I do not yet fully understand how the raw data is computed into aggregates and how it breaks down into column families. Maybe you can provide a high level overview how the data moves through the system and how this corresponds to the column families, rows and columns?
For instance what's the relation between the raw data, the index and buckets? I guess it's something like "values", "to be computed" and "results"?
-
7. Re: Re: Data Model
john.sanda Apr 8, 2014 10:26 AM (in response to heiko.braun)Let me provide an abridged version for now, and I will follow up with a more comprehensive doc. Since RHQ uses CQL, I will try to stick with CQL terminology as well. Things are a lot more involved with the changes described in https://docs.jboss.org/author/display/RHQ/Aggregation+Schema+Changes so the details I cover here will pertain more so to RHQ 4.9.
RHQ agents report raw metrics to the RHQ server which in turns stores the data in Cassandra. Every hour a job runs that aggregates raw data into 1 hour aggregate metrics. Every six hours, we generate 6 hour aggregate metrics using the 1 hour data as input. And every 24 hours we generate 24 hour aggregate metrics using the 6 hour aggregate metrics as input. There are separate tables corresponding to each of the raw, 1 hr, 6 hr, and 24 hr metrics.
Each raw datum that the agent reports corresponds to a measurement schedule which in turn is derived or realized from a measurement definition. The measurement definition is system-wide meta data that describes the measurement, e.g., units, trend up/down, etc. The measurement schedule is per resource. It specifies the collection interval used by the agent.

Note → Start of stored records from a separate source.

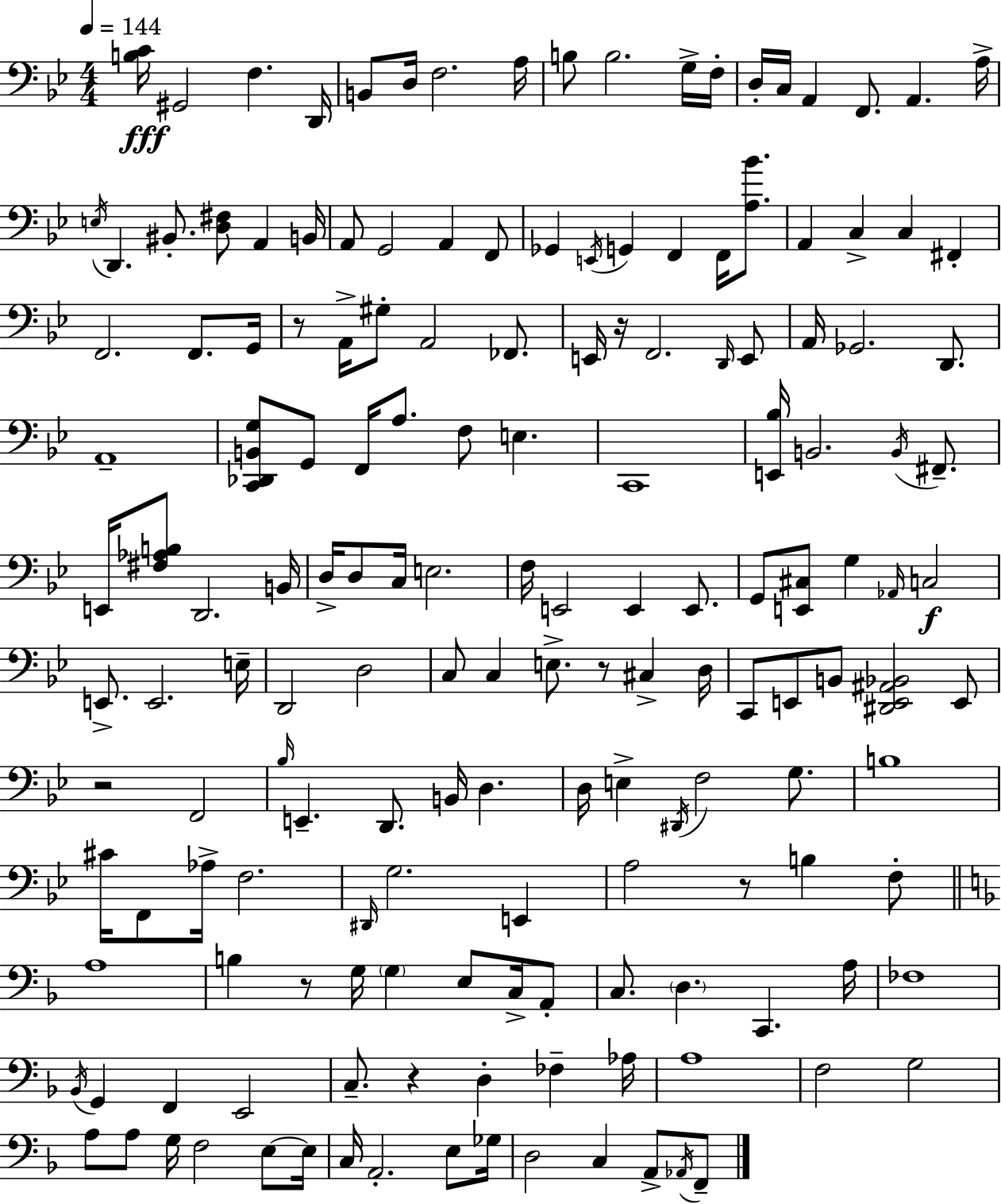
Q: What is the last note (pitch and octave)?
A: F2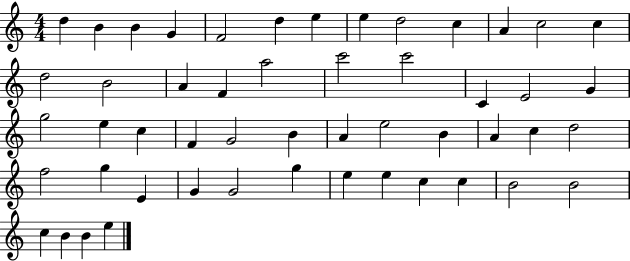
{
  \clef treble
  \numericTimeSignature
  \time 4/4
  \key c \major
  d''4 b'4 b'4 g'4 | f'2 d''4 e''4 | e''4 d''2 c''4 | a'4 c''2 c''4 | \break d''2 b'2 | a'4 f'4 a''2 | c'''2 c'''2 | c'4 e'2 g'4 | \break g''2 e''4 c''4 | f'4 g'2 b'4 | a'4 e''2 b'4 | a'4 c''4 d''2 | \break f''2 g''4 e'4 | g'4 g'2 g''4 | e''4 e''4 c''4 c''4 | b'2 b'2 | \break c''4 b'4 b'4 e''4 | \bar "|."
}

The schedules are stored in the relational database. Each schedule has a unique id, and we use that id as the partition key for each of metrics tables in Cassandra. Note that many CQL rows can make up a single partition which in terms of physical storage layout is a single, wide row on disk.
The metrics_index table is a custom index that is used to determine which schedules have data to be aggregated for a given time slice. For example, suppose the aggregation job runs at 14:00. It will aggregate raw data that was collected during the 13:00 - 14:00 time slice. We query the index to get a set of all the schedule ids for which data was inserted during that time slice.

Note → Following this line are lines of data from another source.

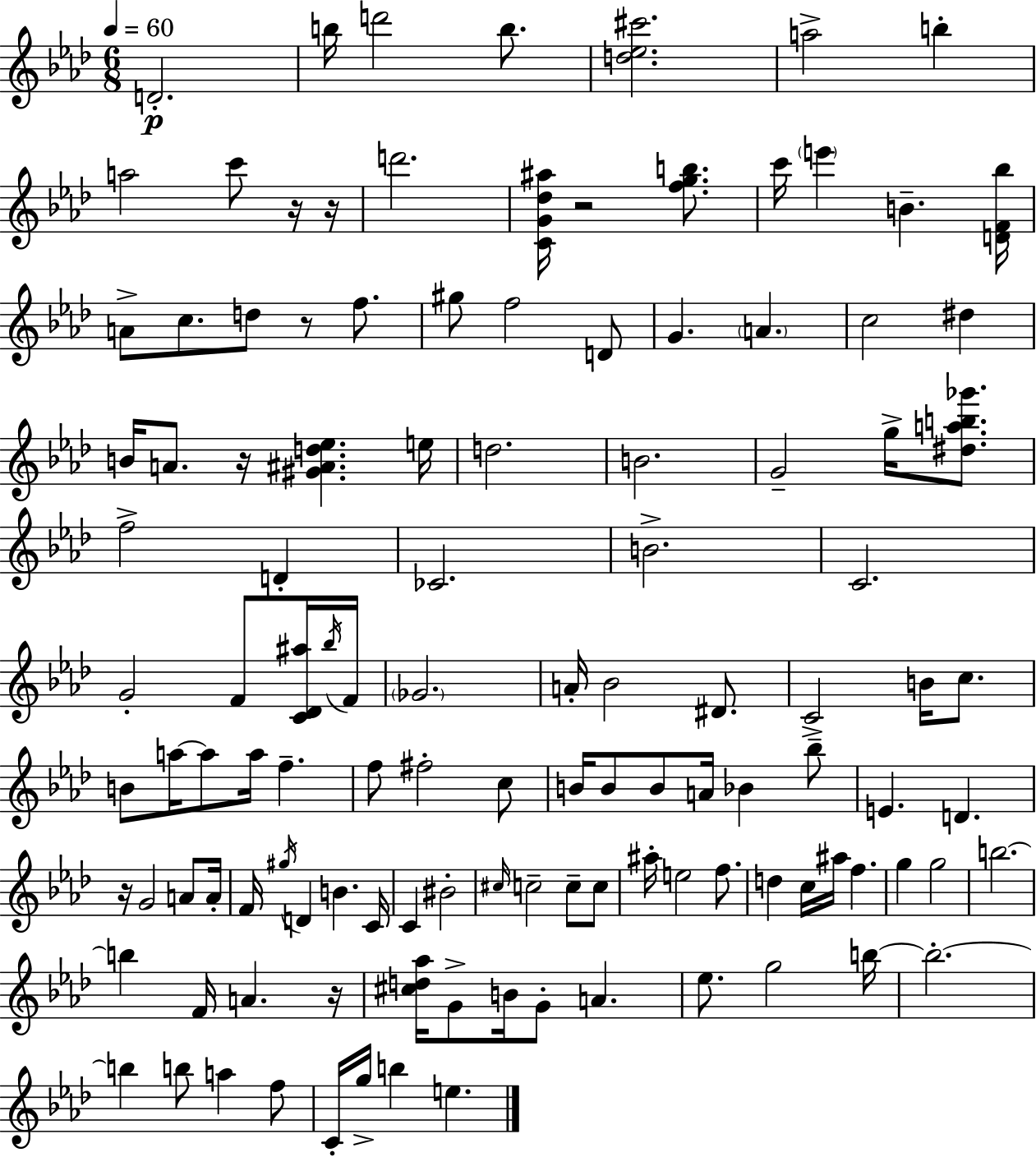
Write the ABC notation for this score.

X:1
T:Untitled
M:6/8
L:1/4
K:Fm
D2 b/4 d'2 b/2 [d_e^c']2 a2 b a2 c'/2 z/4 z/4 d'2 [CG_d^a]/4 z2 [fgb]/2 c'/4 e' B [DF_b]/4 A/2 c/2 d/2 z/2 f/2 ^g/2 f2 D/2 G A c2 ^d B/4 A/2 z/4 [^G^Ad_e] e/4 d2 B2 G2 g/4 [^dab_g']/2 f2 D _C2 B2 C2 G2 F/2 [C_D^a]/4 _b/4 F/4 _G2 A/4 _B2 ^D/2 C2 B/4 c/2 B/2 a/4 a/2 a/4 f f/2 ^f2 c/2 B/4 B/2 B/2 A/4 _B _b/2 E D z/4 G2 A/2 A/4 F/4 ^g/4 D B C/4 C ^B2 ^c/4 c2 c/2 c/2 ^a/4 e2 f/2 d c/4 ^a/4 f g g2 b2 b F/4 A z/4 [^cd_a]/4 G/2 B/4 G/2 A _e/2 g2 b/4 b2 b b/2 a f/2 C/4 g/4 b e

In the schema design doc, I used the term buckets to generically refer to the raw_metrics, one_hour_metrics, six_hour_metrics, and twenty_four_hour_metrics tables.
As an aside, most of the schema changes that went into RHQ 4.9 were made early on in the Cassandra 1.2.x time frame while a lot of CQL features were still being added. With CQL collections at our disposal, we can more easily store data for all the buckets in a single CQL table. I believe there may be some advantages for doing so, but of course further testing and analysis is needed.
Hope this helps.
-
8. Re: Data Model
heiko.braun Apr 8, 2014 11:08 AM (in response to john.sanda)Thanks John, that's explain it.
-
9. Re: Data Model
heiko.braun Apr 8, 2014 11:15 AM (in response to john.sanda)Each schedule has a unique id, and we use that id as the partition key for each of metrics tables in Cassandra. Note that many CQL rows can make up a single partition which in terms of physical storage layout is a single, wide row on disk.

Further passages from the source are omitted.